I am currently working on a research project that requires analyzing metagenomics data. I want to download metagenomic sequence data using a command line such as Linux and the associated metadata of such data from a public repository National Center for Biotechnology Information (NCBI) or the European Bioinformatics Institute (EBI). Could anyone provide a step-by-step guide or recommend tools and methods for efficiently downloading this data?
I have tried downloading SRA projects from NCBI on a PC. However, I did it manually and it took me more time to download 200 samples. Later, I didn't know where to get the metadata of these samples downloaded. For these 2 reasons;
I would like to be guided on how I can batch-download such large files. Additionally, I would like to know how to access metagenomic datasets from NCBI's Sequence Read Archive (SRA) and EBI's European Nucleotide Archive (ENA).

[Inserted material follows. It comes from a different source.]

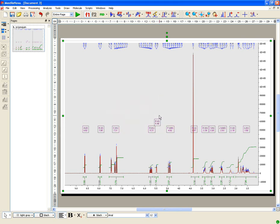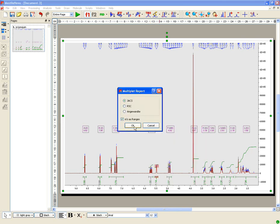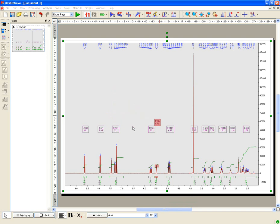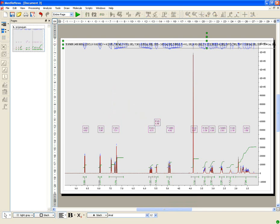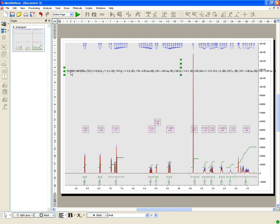Right click on the multiplet box and select Report Multiplets. This will display the Multiplet Report dialog box, which will allow the user to select the desired template: JACS, Royal Society of Chemistry, and Angewandte.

Thank you in advance for your assistance!
You can do this in multiple ways.
Use NCBI's SRA Run selector to get metadata (and get data delivered to Galaxy or to a cloud storage instance of your own) : https://www.ncbi.nlm.nih.gov/Traces/study/?acc=PRJNA111397&o=acc_s%3Aa
You could use the
sra-explorer
to identify and access download links for data. Here is a guide to use the program: sra-explorer : find SRA and FastQ download URLs in a couple of clicksSRA datasets can be very big. You are going to be limited by resources on your PC, if that is all you have access to. Storage and also the network connection.
In theory three main DNA sequence databases are synced overnight, so identical information should be available in all three. Though I had recently come across some examples where the data was only available in ENA (perhaps because of some restrictions, especially with human samples).